> _Work task_: Of the entries below, restate word for word only the section that runs from the line with "1x Federbeinstützlager OPTIMAL" to the line with "camel toe.jpg", counting both ends.

> _Data records_:
=== Begin Enclosure ===

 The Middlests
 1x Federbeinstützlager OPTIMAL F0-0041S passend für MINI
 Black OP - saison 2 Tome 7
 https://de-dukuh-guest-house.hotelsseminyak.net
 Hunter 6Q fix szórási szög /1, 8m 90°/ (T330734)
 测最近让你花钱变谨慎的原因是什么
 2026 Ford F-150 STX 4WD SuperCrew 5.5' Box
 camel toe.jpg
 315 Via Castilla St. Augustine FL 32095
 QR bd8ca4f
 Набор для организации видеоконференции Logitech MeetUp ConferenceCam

=== End Enclosure ===
=== Begin Enclosure ===

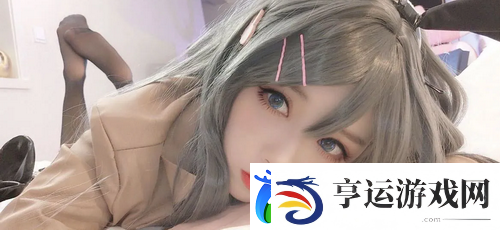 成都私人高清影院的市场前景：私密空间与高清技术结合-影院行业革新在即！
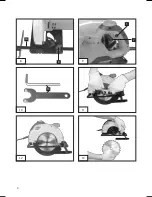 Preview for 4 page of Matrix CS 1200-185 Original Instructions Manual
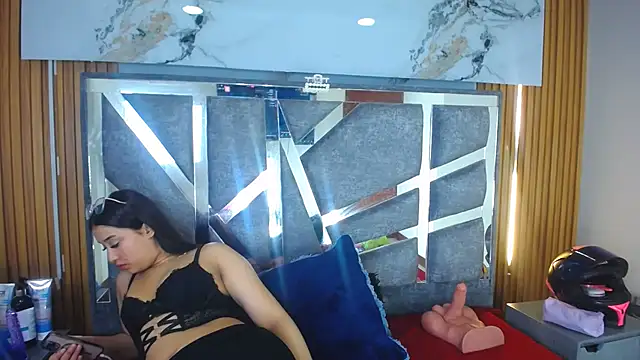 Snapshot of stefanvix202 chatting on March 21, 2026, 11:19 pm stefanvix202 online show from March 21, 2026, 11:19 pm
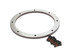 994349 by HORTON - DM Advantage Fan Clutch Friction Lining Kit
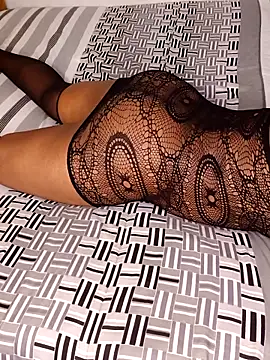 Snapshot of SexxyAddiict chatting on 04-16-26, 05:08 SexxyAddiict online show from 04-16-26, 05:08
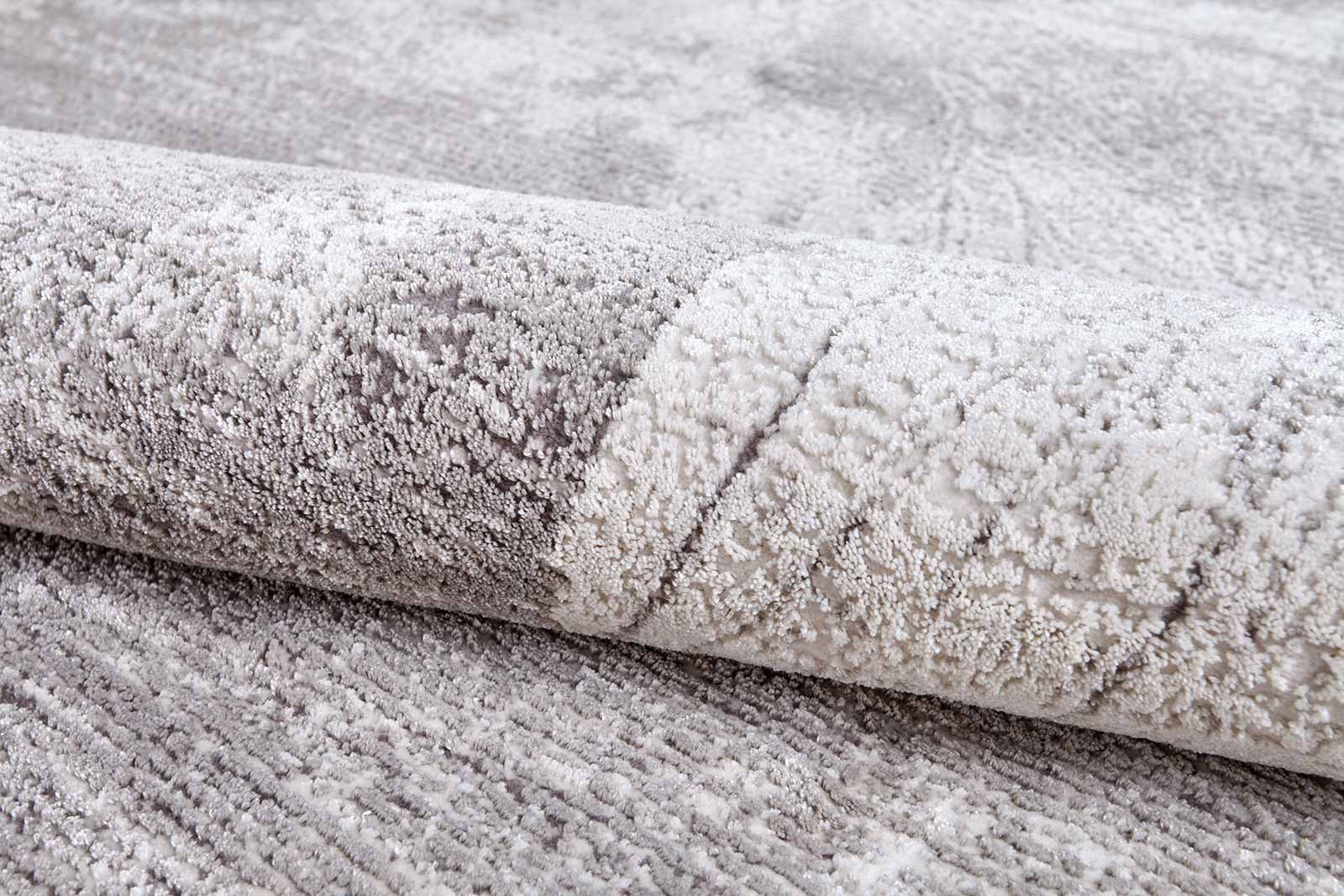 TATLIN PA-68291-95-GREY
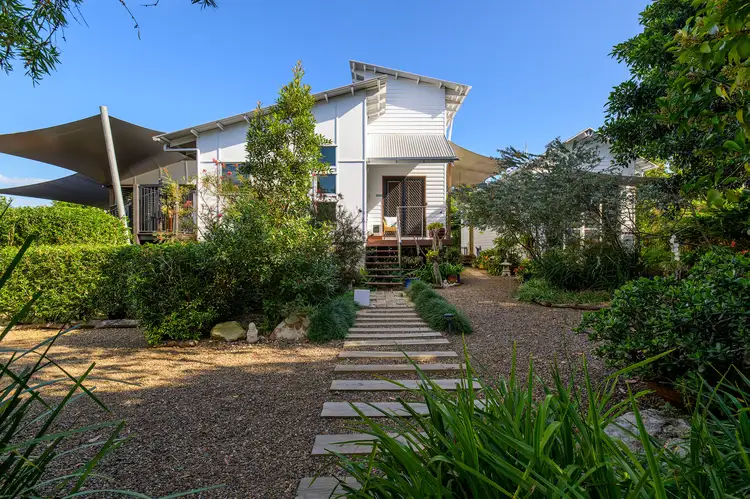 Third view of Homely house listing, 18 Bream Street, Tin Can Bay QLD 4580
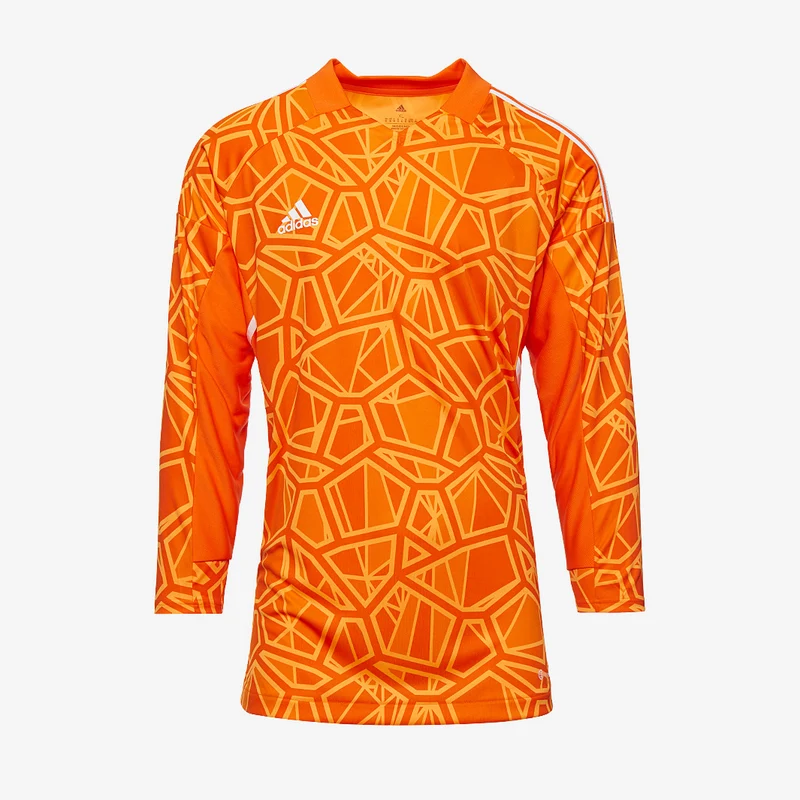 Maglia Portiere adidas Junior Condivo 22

=== End Enclosure ===

> _Solved exercise_:
 1x Federbeinstützlager OPTIMAL F0-0041S passend für MINI
 Black OP - saison 2 Tome 7
 https://de-dukuh-guest-house.hotelsseminyak.net
 Hunter 6Q fix szórási szög /1, 8m 90°/ (T330734)
 测最近让你花钱变谨慎的原因是什么
 2026 Ford F-150 STX 4WD SuperCrew 5.5' Box
 camel toe.jpg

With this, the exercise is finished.